What application’s instructions were you looking at? There is no Look panel in Lightroom, and when I type that phrase into Google it seems to appear in a
help article for Adobe SpeedGrade, which is a discontinued application for color grading pro video clips, nothing to do with Lightroom.
Because you listed the version as 11.5, we’ll assume you’re using Lightroom Classic. For underexposed slides, the first good step is to increase the Exposure value, as shown below on my own scan of underexposed Kodachrome slide film. A second step is to try increasing the Shadows value.
View attachment 19396
If the results are not good enough, your next step is to go back to the slide scanner software and see you can get a better source scan for software to work with. For the re-scan, you want to look in the scanning software for some kind of Analog Gain or Exposure feature. Those can help produce better scan files of underexposed transparencies, making software adjustments easier. I am not familiar with Silverfast software and Plustek hardware; I use different brands.
Scans of underexposed slide film are more difficult to save, because slide film has less dynamic range than negative film. The quality of an underexposed slide film scan boosted in software always looks worse than a frame of the same image properly exposed in camera.
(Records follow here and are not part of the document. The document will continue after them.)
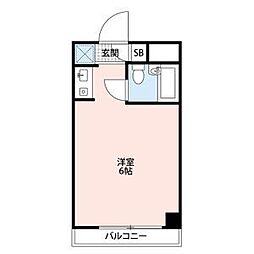 プレスイン豊 2階ワンルームの間取り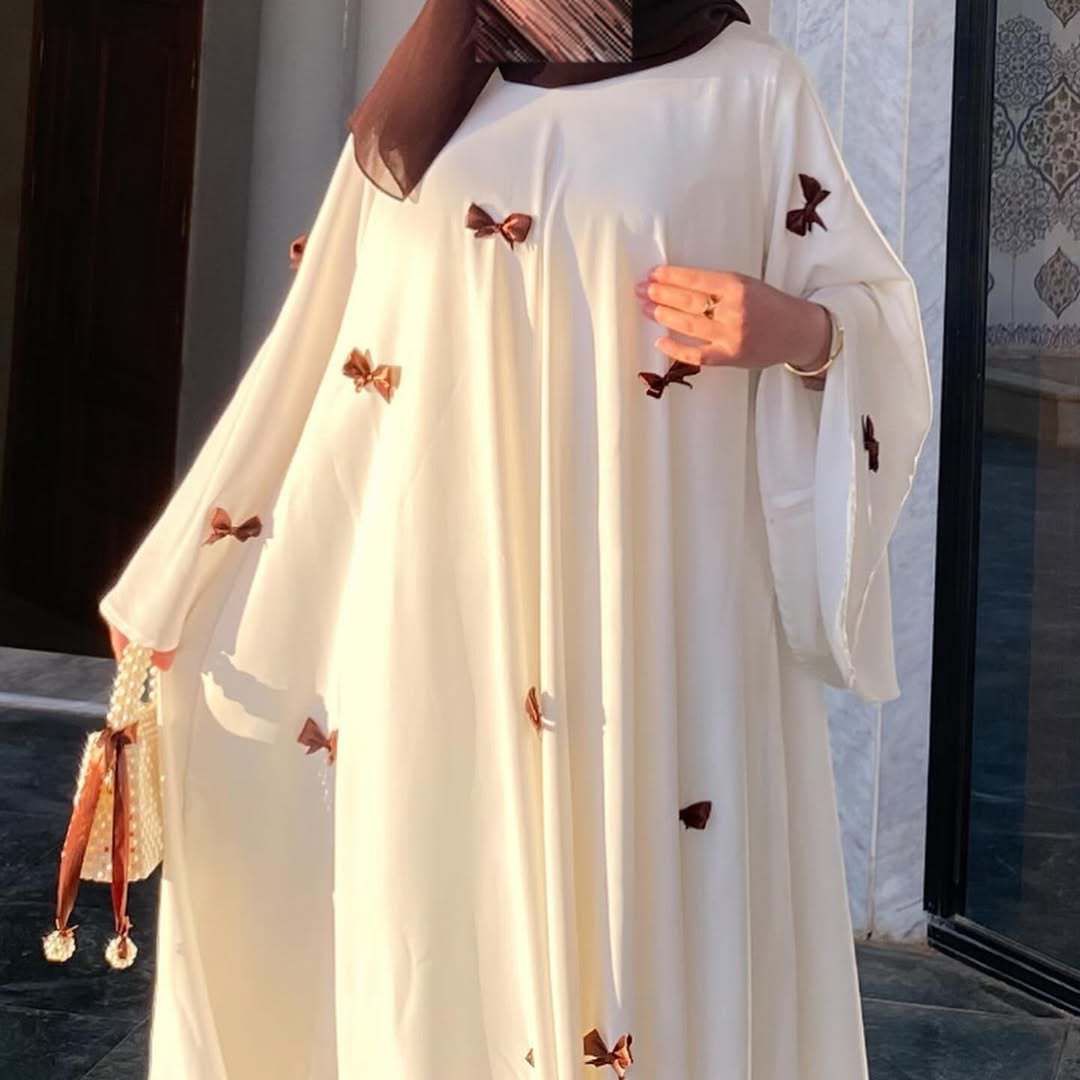 Loose Hem Long Abaya with Bell Sleeves & Butterfly Bow Detail (MA151) - Mariam's Collection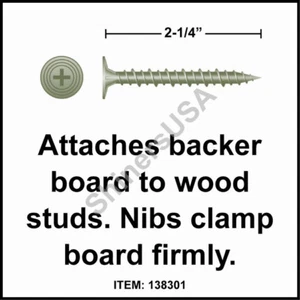 (2500) Cement Board Screw 8-15 x 2-1/4 Phillips Wafer Head w/Nibs #138301 - Picture 1 of 1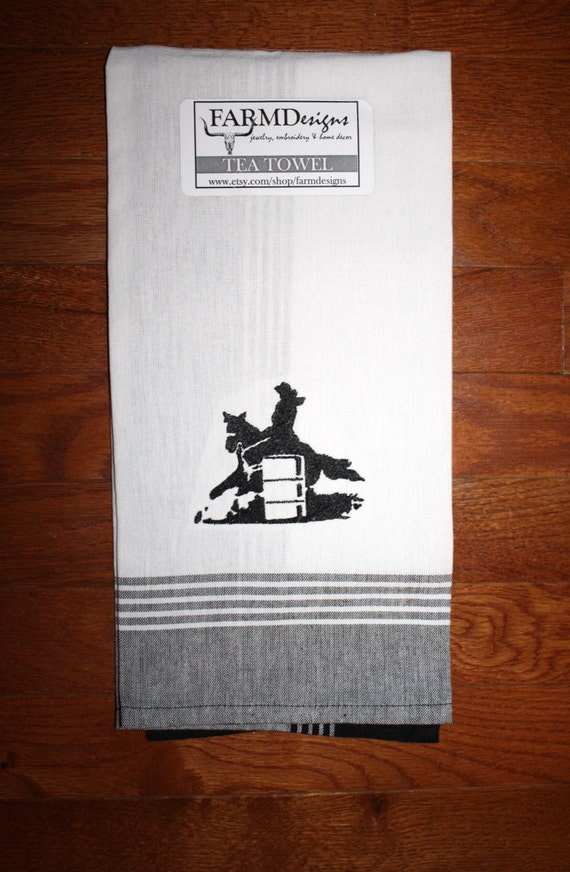  Barrel  racing  tea towel rodeo kitchen barrel  racer decor 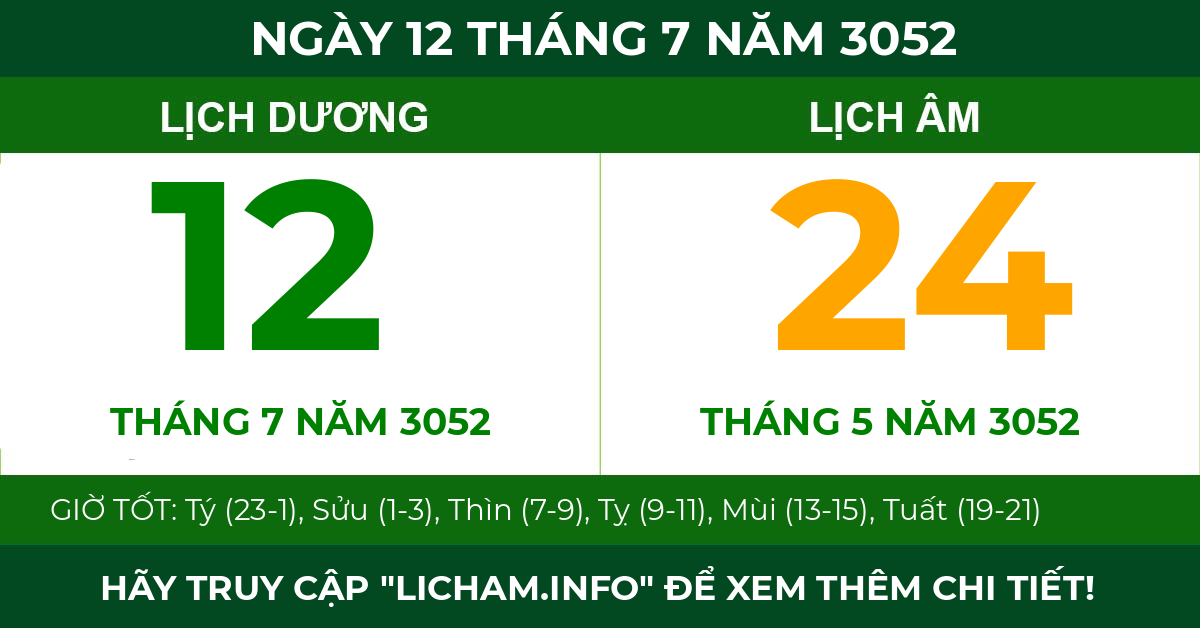 lịch âm ngày 12 tháng 7 năm 3052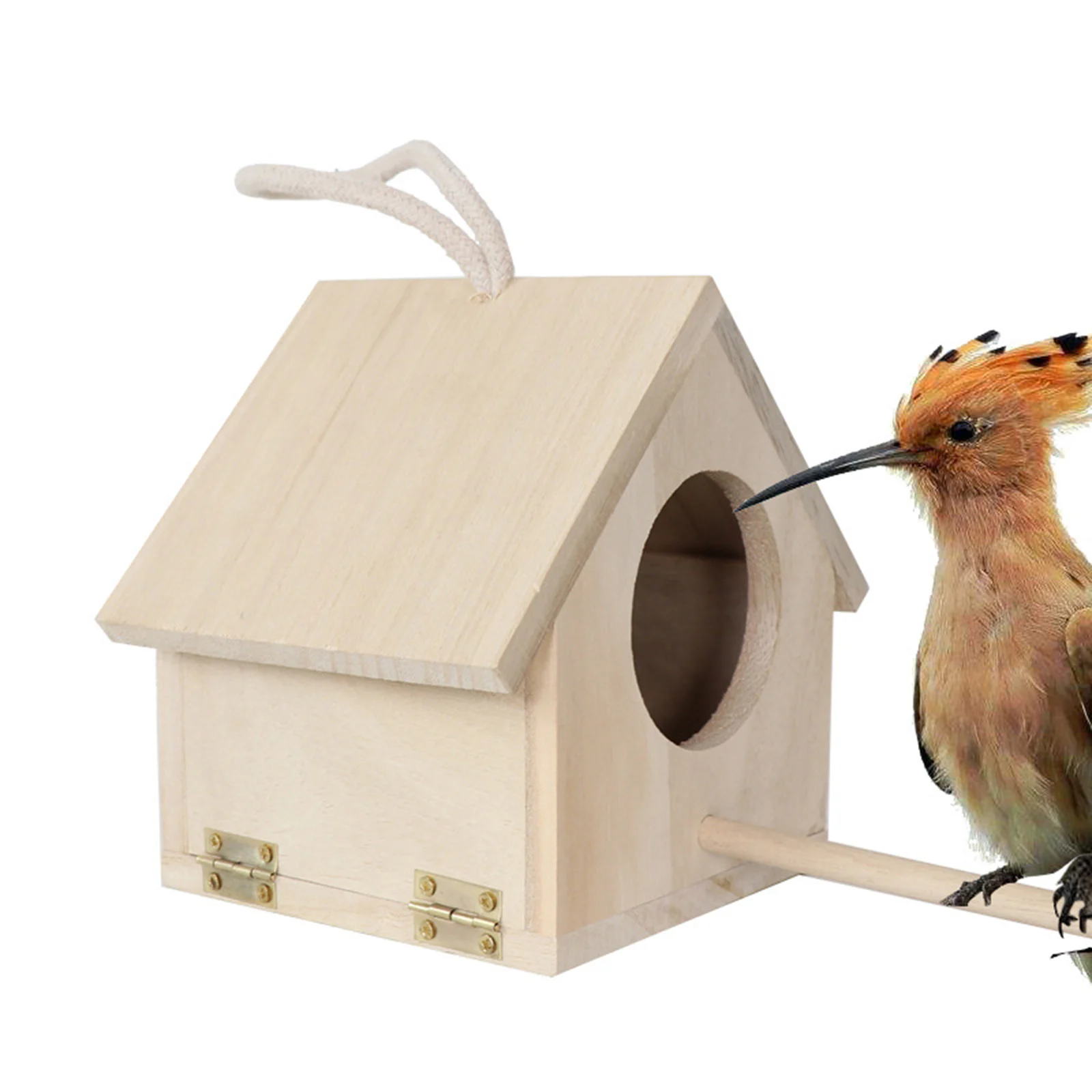Unfinished Wood Birdhouse with Perch Outdoor Hanging Bird Cage Bird Breeding Nest for Patio Decor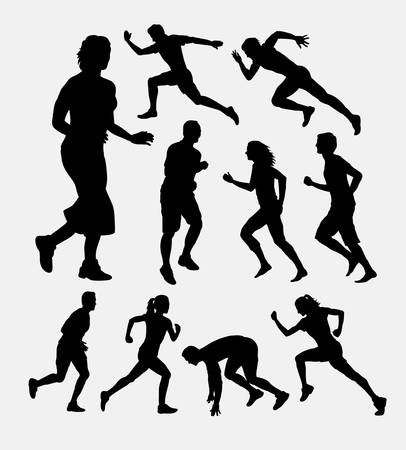 People running silhouettesのイラスト素材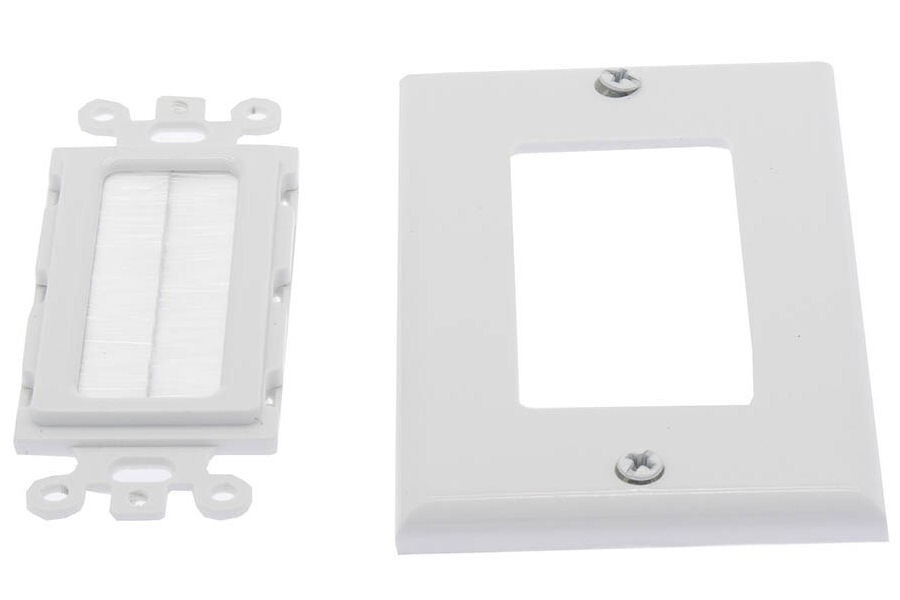 1 Gang Brush Wall Plate Bristle Port Insert Cover Outlet Mount Panel White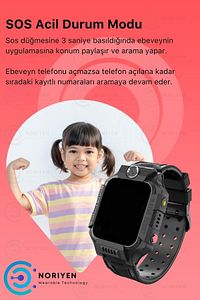 Çocuklar Için Kameralı Sim Kartlı Ortam Dinleme Konum Takip Özellikli Siyah Çocuk Akıllı Saat ürün fotoğrafı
Also, Gamma is not a specific feature in Lightroom. However, because gamma is implemented as a midtone adjustment in many image-editing applications, if you specifically want something gamma-like you can add a midtone point in the Curves panel and drag it up. If you were advised to try adjusting gamma, the person was probably talking about pixel editors like Photoshop, not raw processors such as Lightroom or Camera Raw.